### Assignment
From top to bottom, print the listing word for word and skip any pictures it contains.

### Provided data
================
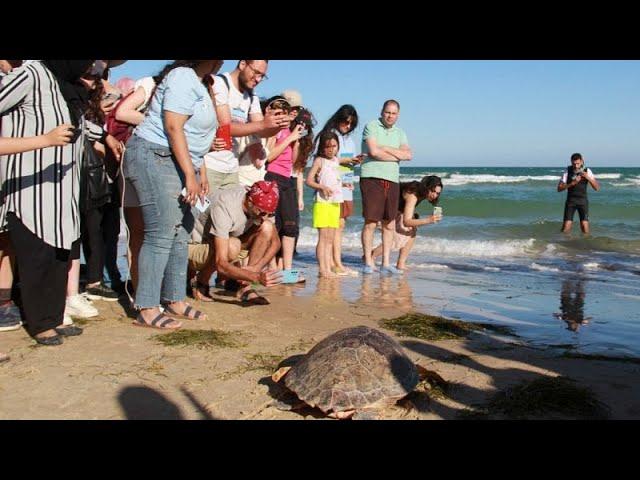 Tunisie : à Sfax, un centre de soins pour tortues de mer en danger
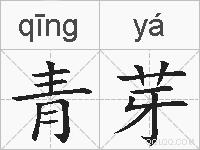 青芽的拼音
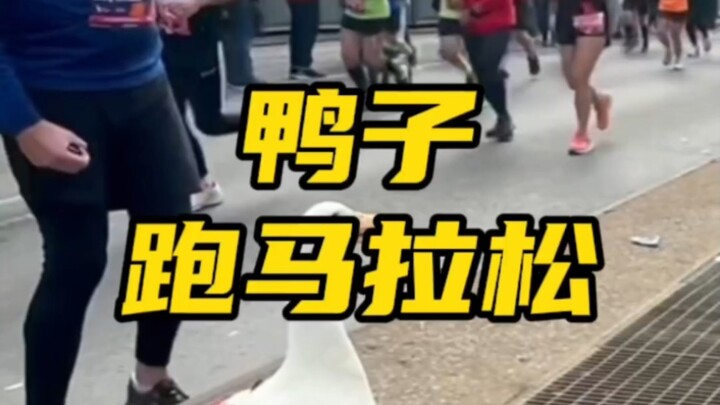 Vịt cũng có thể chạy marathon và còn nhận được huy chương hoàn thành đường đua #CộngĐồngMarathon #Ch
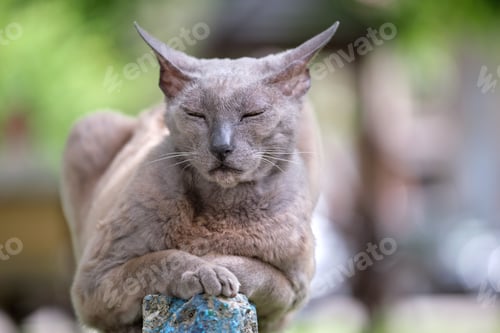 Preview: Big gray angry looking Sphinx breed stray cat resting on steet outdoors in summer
================
### Answer to the exercise
 Tunisie : à Sfax, un centre de soins pour tortues de mer en danger
 青芽的拼音
 Vịt cũng có thể chạy marathon và còn nhận được huy chương hoàn thành đường đua #CộngĐồngMarathon #Ch
 Preview: Big gray angry looking Sphinx breed stray cat resting on steet outdoors in summer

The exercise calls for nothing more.